_DATA_:

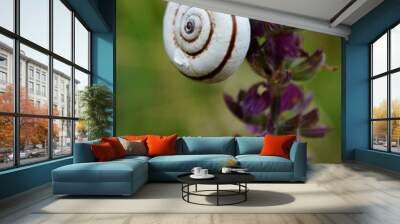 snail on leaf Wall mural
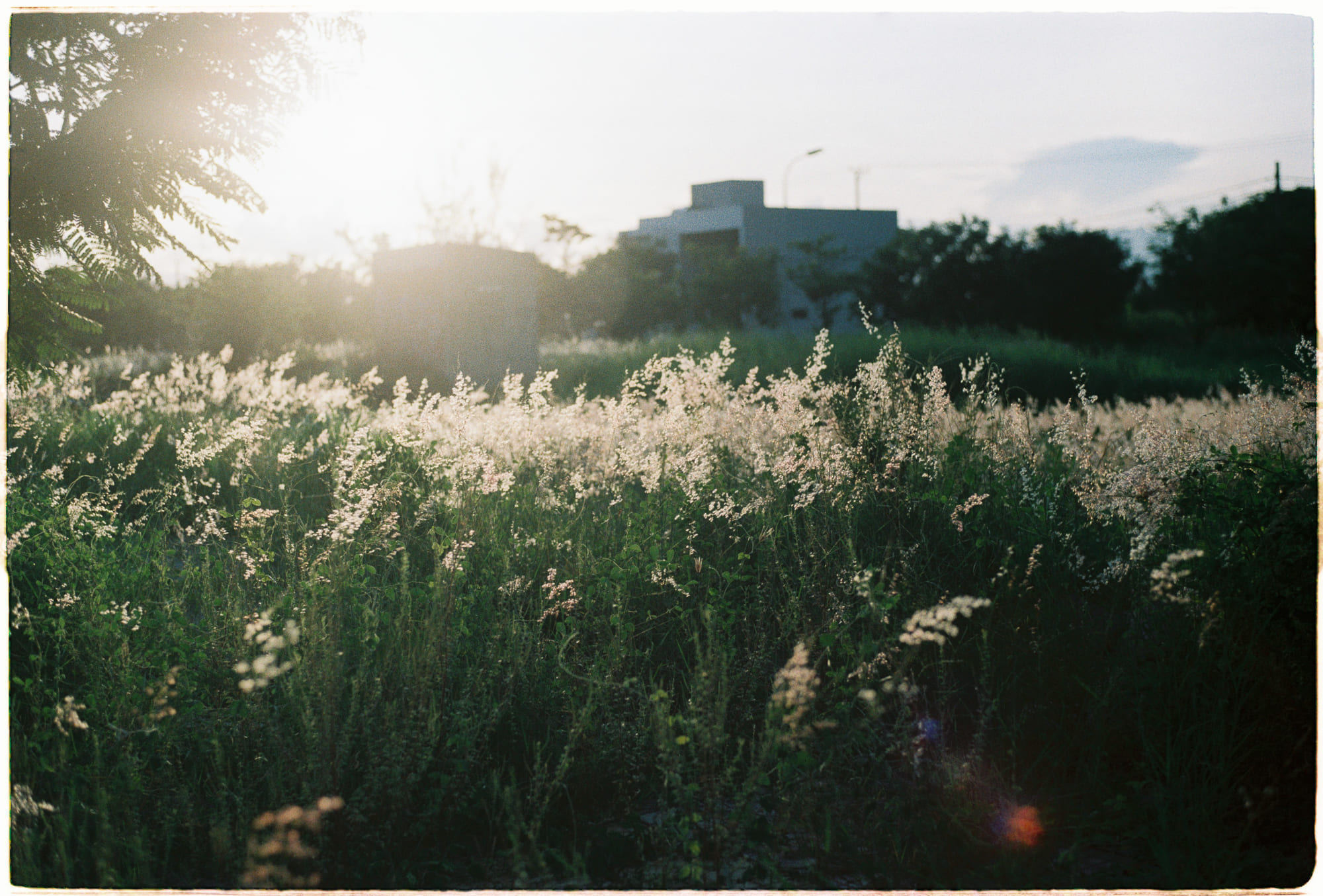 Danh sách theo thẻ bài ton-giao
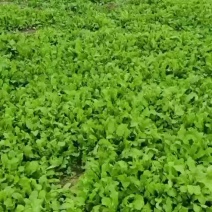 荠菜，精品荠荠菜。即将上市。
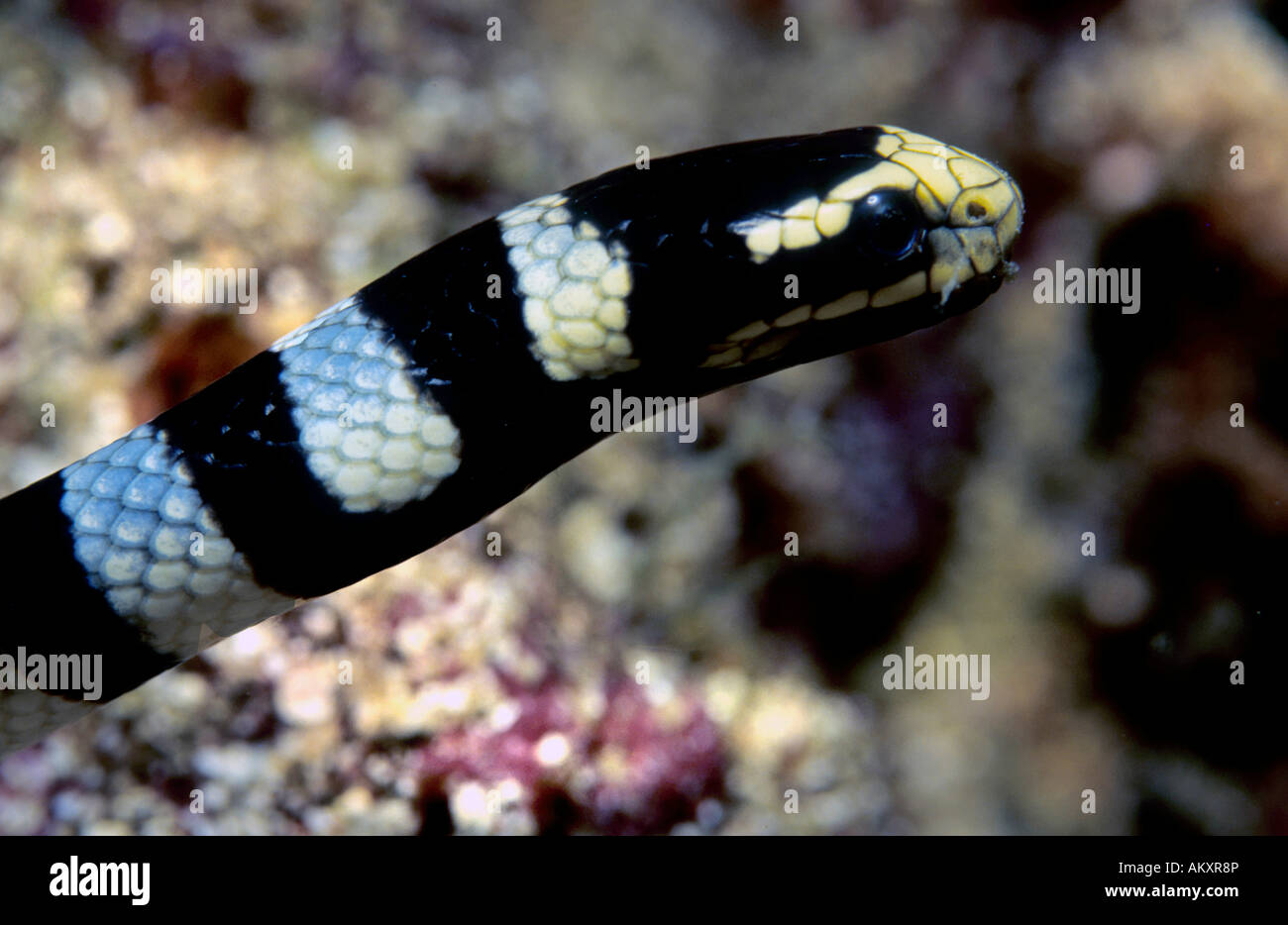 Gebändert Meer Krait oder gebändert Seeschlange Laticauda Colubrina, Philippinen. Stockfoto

_REQUIREMENT_: Could you give the material above again, exactly and without its pictures?

_WRITTEN REPLY_:
 snail on leaf Wall mural
 Danh sách theo thẻ bài ton-giao
 荠菜，精品荠荠菜。即将上市。
 Gebändert Meer Krait oder gebändert Seeschlange Laticauda Colubrina, Philippinen. Stockfoto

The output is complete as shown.